Reflexões sobre estudos de uma "quase-adulta" — Parte II
Criado em: 2025-03-08

Link da primeira parte: Reflexões sobre estudos de uma “quase-adulta” — Parte I
Na primeira parte, focamos mais na prática e na retenção de conhecimento. Nesta segunda parte, no entanto, focaremos, além nas já citadas, também em conexões e em como usar essas conexões para reconhecer padrões.
Reconhecer padrões é escutar notas musicais específicas e saber exatamente qual música está tocando, ou ver uma obra de arte e saber qual artista a criou e quais técnicas ele usou. É ver uma pessoa com a “cara para baixo” e saber que algo está errado e, claro, ver um exercício de matemática e saber exatamente qual procedimento usar para resolvê-lo. Esse “saber” é o padrão que você reconheceu, aprendeu.
O problema é que reconhecer padrões não é tão fácil assim, especialmente quando falamos de conceitos novos que nunca vimos antes. É por isso que as conexões são tão úteis. Quando você conecta diferentes conceitos, cria-se uma base de conhecimento mais ampla. Isso permite identificar padrões mais rapidamente, pois você já tem uma “biblioteca mental” de exemplos e analogias.
Por exemplo, um programador que aprendeu vários algoritmos de ordenação pode reconhecer padrões em novos problemas e aplicar a solução mais adequada. Ou um estudante de física que reconhece padrões matemáticos em equações físicas e consegue aplicar fórmulas com mais velocidade e exatidão, pensando até “fora da caixinha”. Percebe as conexões entre conceitos?

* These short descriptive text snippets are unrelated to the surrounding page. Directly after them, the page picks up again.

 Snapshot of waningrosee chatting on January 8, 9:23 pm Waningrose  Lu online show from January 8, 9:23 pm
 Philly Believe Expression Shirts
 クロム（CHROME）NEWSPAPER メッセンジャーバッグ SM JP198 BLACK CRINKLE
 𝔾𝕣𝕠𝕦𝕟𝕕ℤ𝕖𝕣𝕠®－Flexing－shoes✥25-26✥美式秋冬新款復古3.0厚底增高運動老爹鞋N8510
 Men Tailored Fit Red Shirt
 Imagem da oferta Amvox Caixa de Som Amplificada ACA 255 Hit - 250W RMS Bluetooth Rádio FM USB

Nosso cérebro foi basicamente programado para reconhecer padrões desde os tempos antigos — diferenciar frutas venenosas de não venenosas, distinguir presas de predadores, reconhecer quando alguém está doente, desenvolver um sistema padronizado de comunicação, etc. Por que nos estudos seria diferente?
Interleaving
Interleaving é alternar entre tópicos de uma matéria durante os estudos. Isso é o oposto de blocking, onde você estuda um tópico por completo antes de passar para o próximo. Um exemplo seria alternar entre resolver problemas de equações quadráticas, álgebra, funções exponenciais e geometria na mesma sessão de estudo. Confira o problema abaixo:
“Um menino viaja 24 km para o leste a partir de sua casa, depois vira para a esquerda e percorre mais 10 km. Encontre o seu deslocamento total.”

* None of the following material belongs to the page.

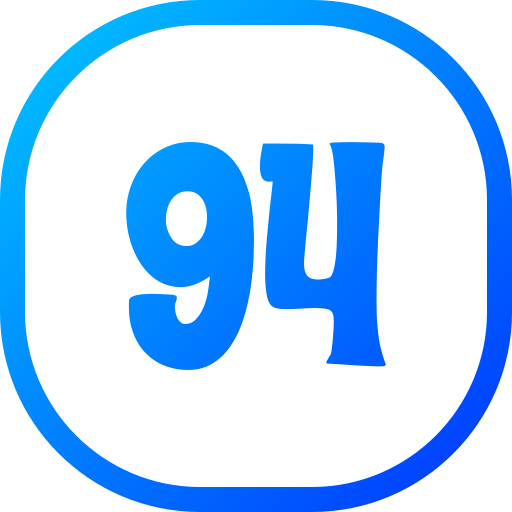 94 Generic gradient fill icono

Se o problema acima estivesse embaralhado (o que meio que é o jeito que está agora), você precisaria fazer mais esforço cognitivo para chegar a uma resposta. Agora, se o problema estivesse no capítulo sobre “Teorema de Pitágoras”, seu primeiro pensamento seria aplicar a fórmula diretamente. Não teria o mesmo esforço cognitivo de antes.
Por isso, o interleaving funciona tão bem: você aprende a ter o raciocínio lógico para resolver os problemas, sem seguir uma fórmula cegamente. O interleaving não é apenas uma técnica de estudo, mas uma estratégia que força seu cérebro a sair do modo automático, criando uma “dificuldade desejável” que promove uma retenção e generalização superiores.
Se você está estudando para uma prova muito difícil, ficar fazendo exercícios em ordem não vai te ajudar muita coisa — as questões não vão cair em tópicos sequencialmente (AAAABBBBCCCCDDDDEEEE…), mas sim de forma misturada e caótica (AGBCDEDFACBECGEDACAED…), então você precisa saber os procedimentos necessários para resolver cada questão da prova, independente da ordem. O interleaving ajuda nisso.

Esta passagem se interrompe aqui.